Items listed in a dataset:

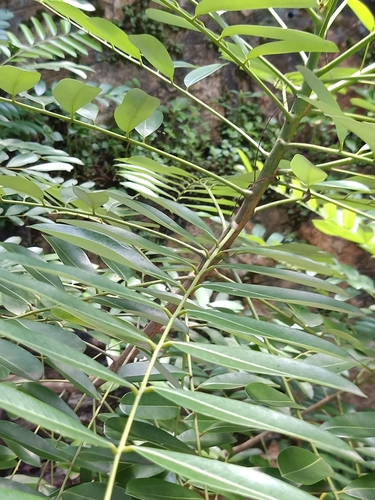 Image of Simarouba amara by (c) Pranav Chandra Bose, some rights reserved (CC BY)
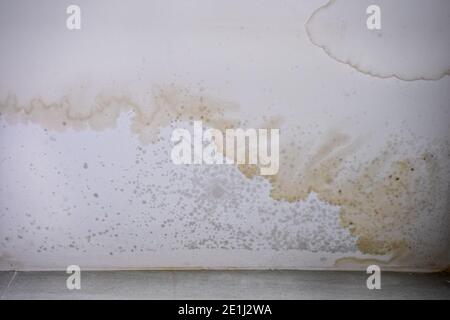 Macchia marrone di muffa interna e fungo sul soffitto. Effetti di inondazioni sul muro. Foto Stock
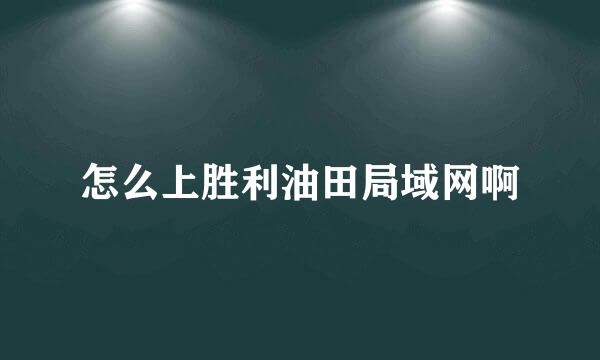 怎么上胜利油田局域网啊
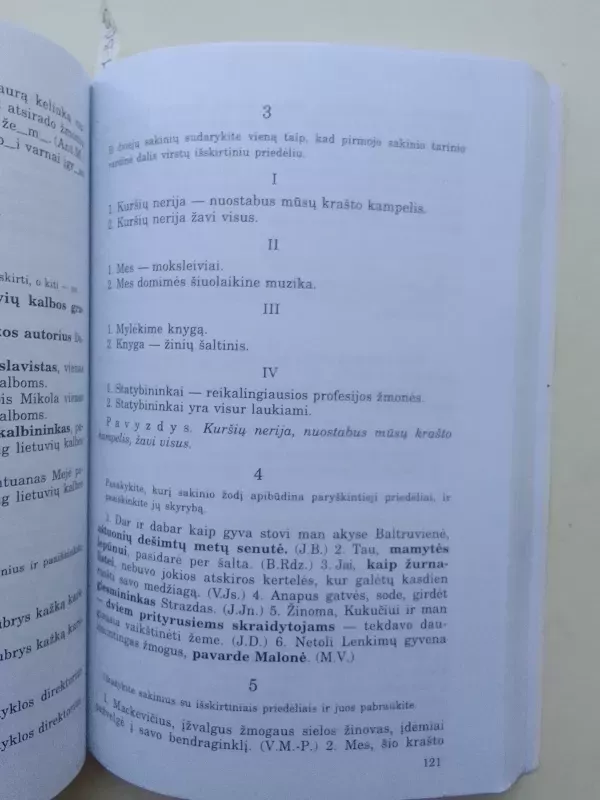 Lietuvių kalbos rašybos ir skyrybos pratimai X-XII klasei - Bronius Dobrovolskis, knyga 6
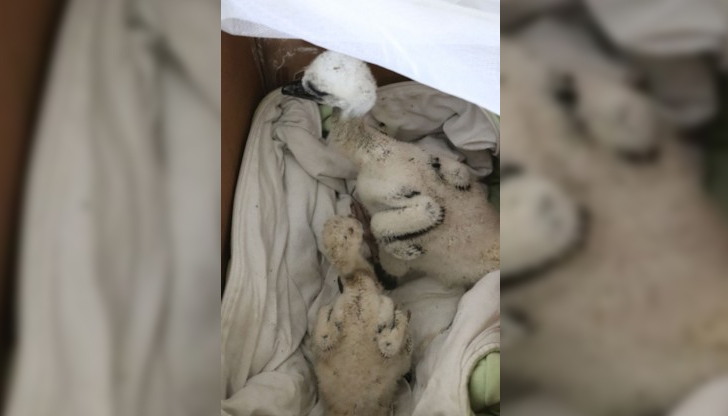 Всички птици са изпратени в Спасителния център за диви животни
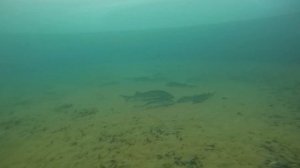 КОРМЛЕНИЕ ОСЕТРА в своем пруду. Часть 1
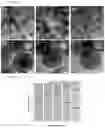 Fig. 67 - Pore-encapsulated catalysts for selective hydrogenolysis of plastic waste
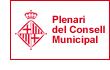 Plenari del Consell Municipal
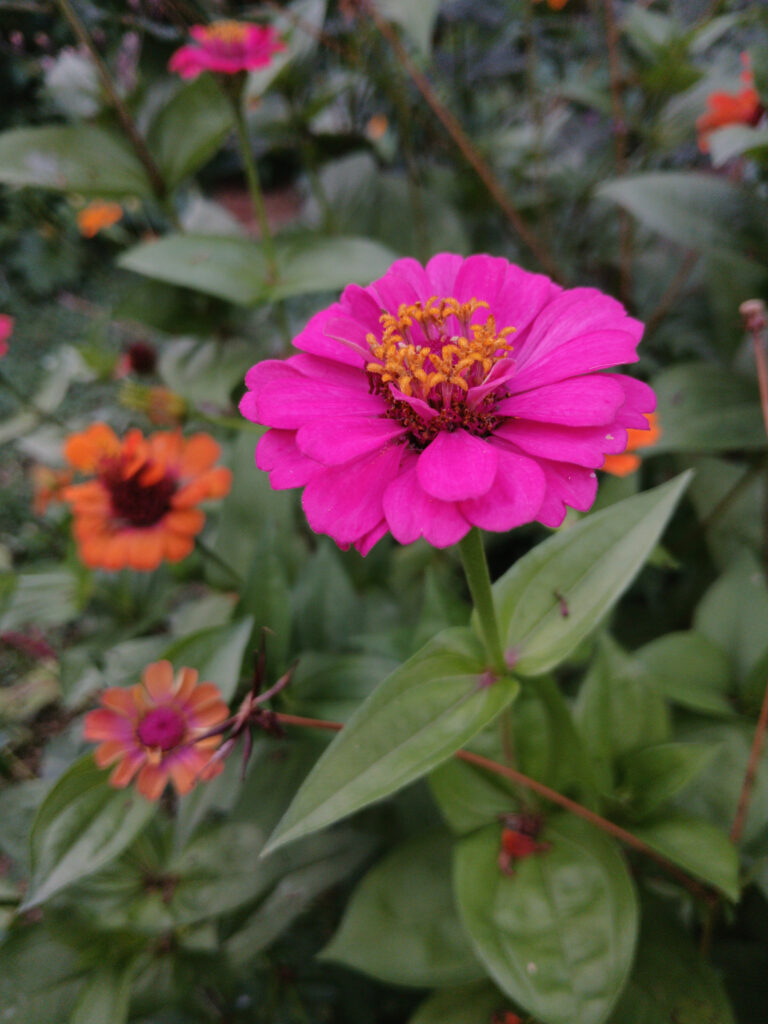 Pink Zinnia with more in the background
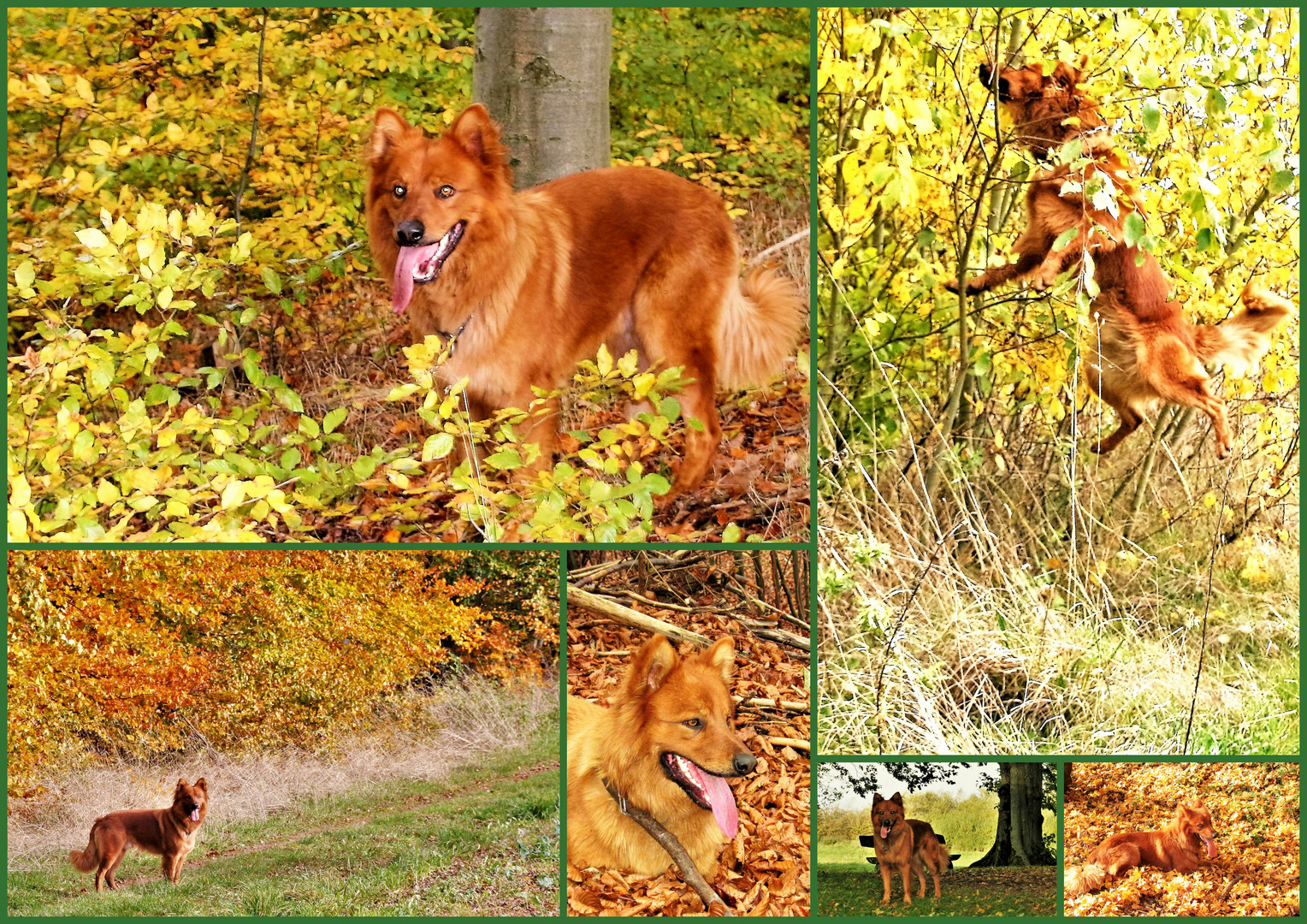 Herbstspaziergang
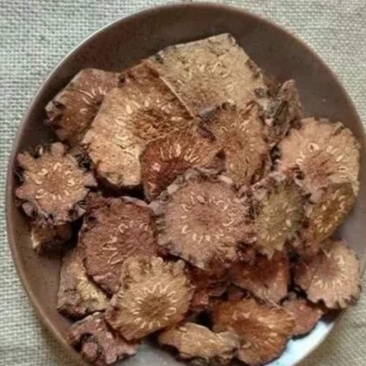 虎爪凤虎爪风绵马鳞毛蕨正品保证质量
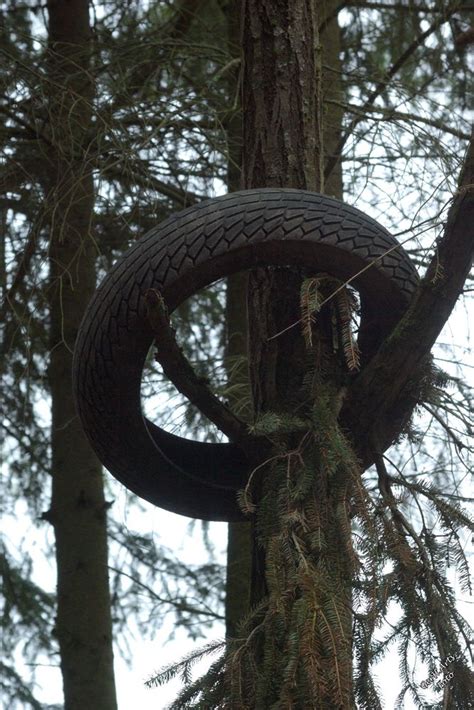 Wir erzählen ihnen, wie viel licht er braucht und was passiert, wenn er zu dunkel steht. Seltener Gummibaum im Adenauer Forst Foto & Bild | bäume ...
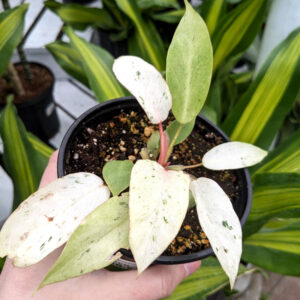 Philodendron Snowdrift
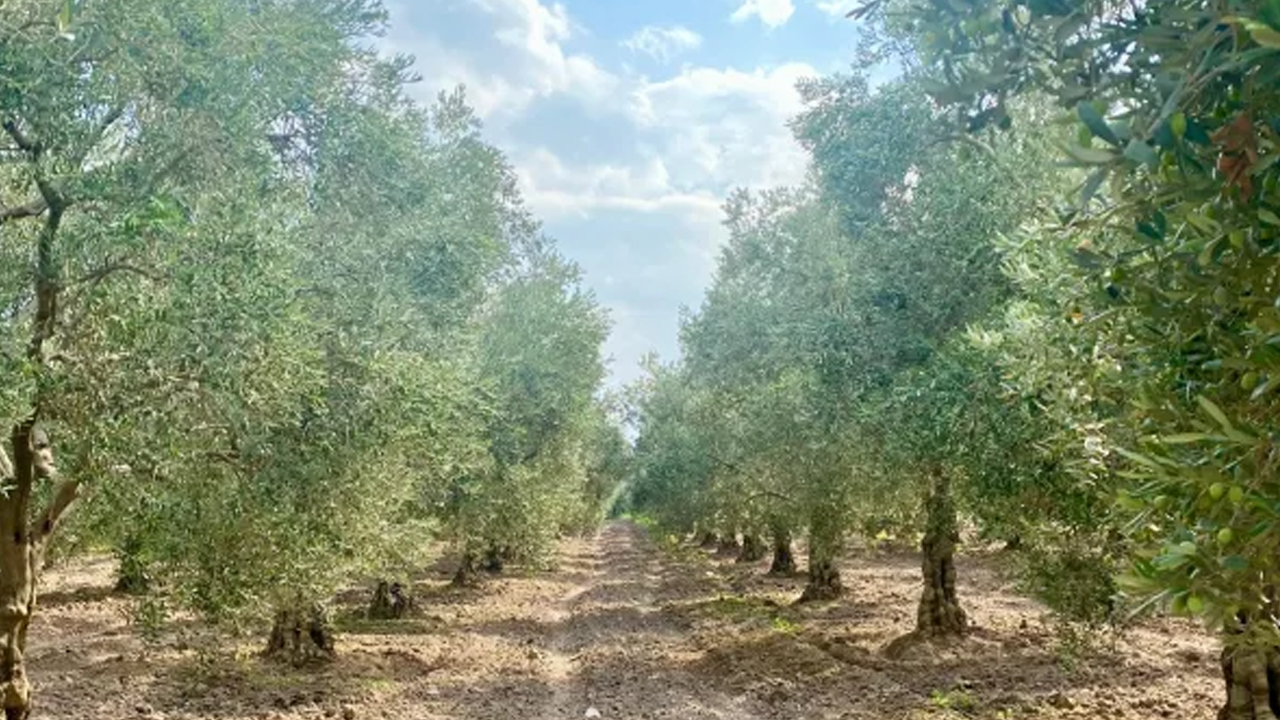 Yatırımlık tarım arazisi fırsatı:5.3 milyon TL muhammen bedelle satılık kiraz ve zeytin bahçesi!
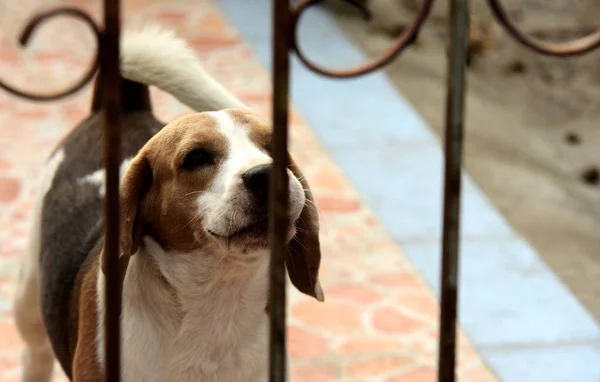 Beagle Kutya Portré Egy Imádnivaló Beagle Kutya Játszik Padlóra Egyenesen — Stock Fotó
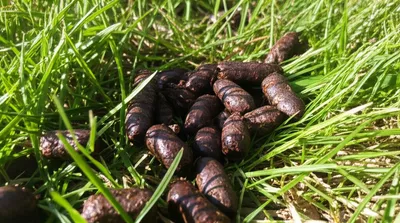 Illustration droppings - Image 1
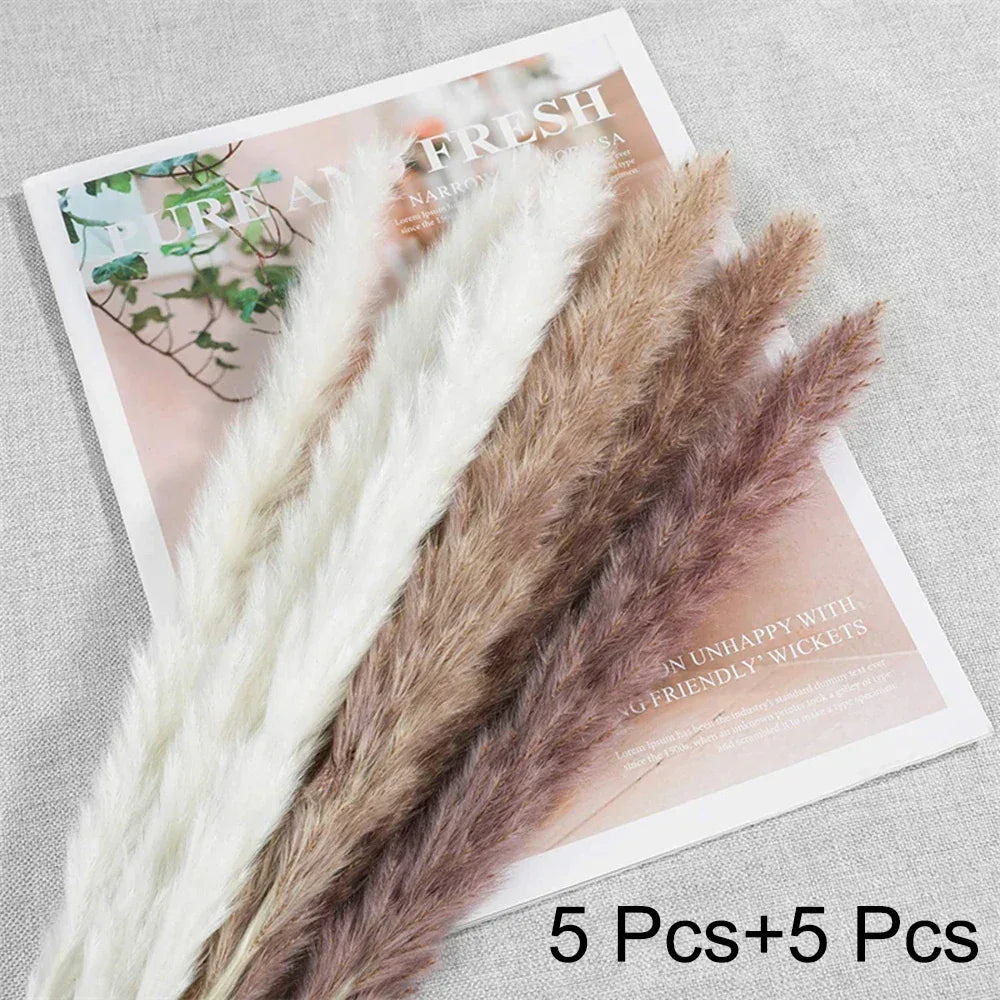 Pampas Grass Phragmites Reed Dried Natural Flowers Bouquet Arrangement Wedding Party Decor Decorations For Home Table - Luvia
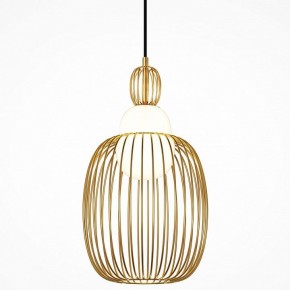 Подвесной светильник Maytoni Levitation MOD376PL-01G1 в Ревде - revda.ok-mebel.com | фото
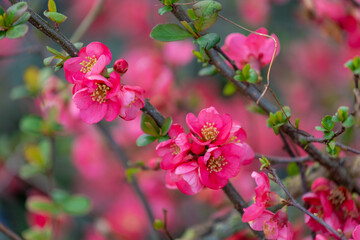 Obraz na płótnie Canvas Selective focus of red pink flowers with green leaves in the garden , Chaenomeles japonica or Maule's quince is a species of flowering quince, It is a thorny deciduous shrub, Nature floral background.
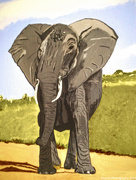 29th Jun 2024 - Elephant (painting)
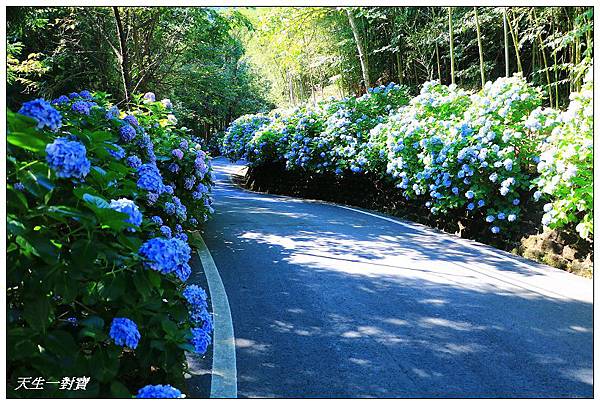 IMG_8002.jpg IMG_8002.jpg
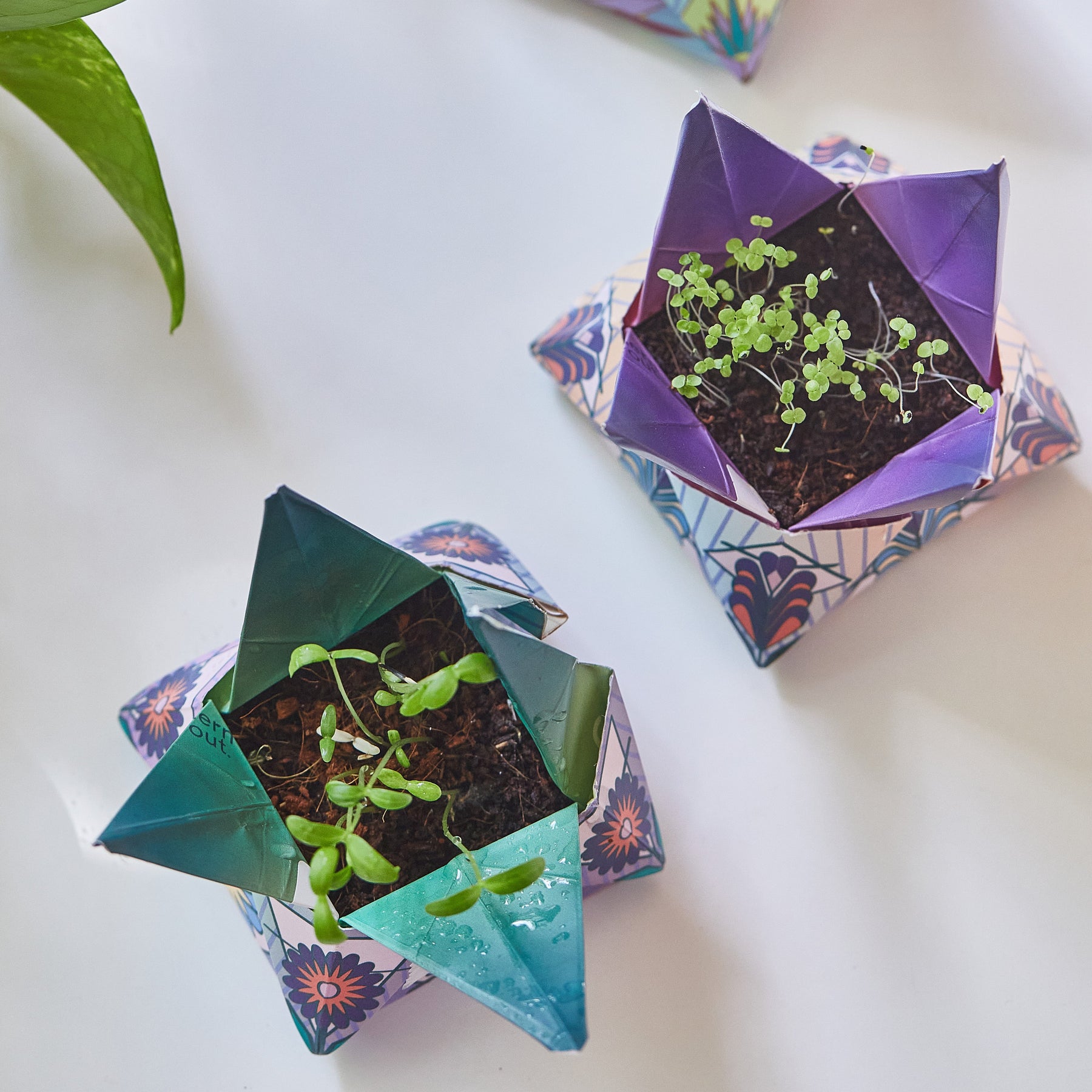Two colorful origami seed kits with young green seedlings growing in soil, set against a light background.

__EXERCISE DETAILS__:
Your answer must be an exact repeat of the records above, with no pictures in it.

__SOLUTION FOR THIS PROBLEM__:
 Image of Simarouba amara by (c) Pranav Chandra Bose, some rights reserved (CC BY)
 Macchia marrone di muffa interna e fungo sul soffitto. Effetti di inondazioni sul muro. Foto Stock
 怎么上胜利油田局域网啊
 Lietuvių kalbos rašybos ir skyrybos pratimai X-XII klasei - Bronius Dobrovolskis, knyga 6
 Всички птици са изпратени в Спасителния център за диви животни
 КОРМЛЕНИЕ ОСЕТРА в своем пруду. Часть 1
 Fig. 67 - Pore-encapsulated catalysts for selective hydrogenolysis of plastic waste
 Plenari del Consell Municipal
 Pink Zinnia with more in the background
 Herbstspaziergang
 虎爪凤虎爪风绵马鳞毛蕨正品保证质量
 Wir erzählen ihnen, wie viel licht er braucht und was passiert, wenn er zu dunkel steht. Seltener Gummibaum im Adenauer Forst Foto & Bild | bäume ...
 Philodendron Snowdrift
 Yatırımlık tarım arazisi fırsatı:5.3 milyon TL muhammen bedelle satılık kiraz ve zeytin bahçesi!
 Beagle Kutya Portré Egy Imádnivaló Beagle Kutya Játszik Padlóra Egyenesen — Stock Fotó
 Illustration droppings - Image 1
 Pampas Grass Phragmites Reed Dried Natural Flowers Bouquet Arrangement Wedding Party Decor Decorations For Home Table - Luvia
 Подвесной светильник Maytoni Levitation MOD376PL-01G1 в Ревде - revda.ok-mebel.com | фото
 Obraz na płótnie Canvas Selective focus of red pink flowers with green leaves in the garden , Chaenomeles japonica or Maule's quince is a species of flowering quince, It is a thorny deciduous shrub, Nature floral background.
 29th Jun 2024 - Elephant (painting)
 IMG_8002.jpg IMG_8002.jpg
Two colorful origami seed kits with young green seedlings growing in soil, set against a light background.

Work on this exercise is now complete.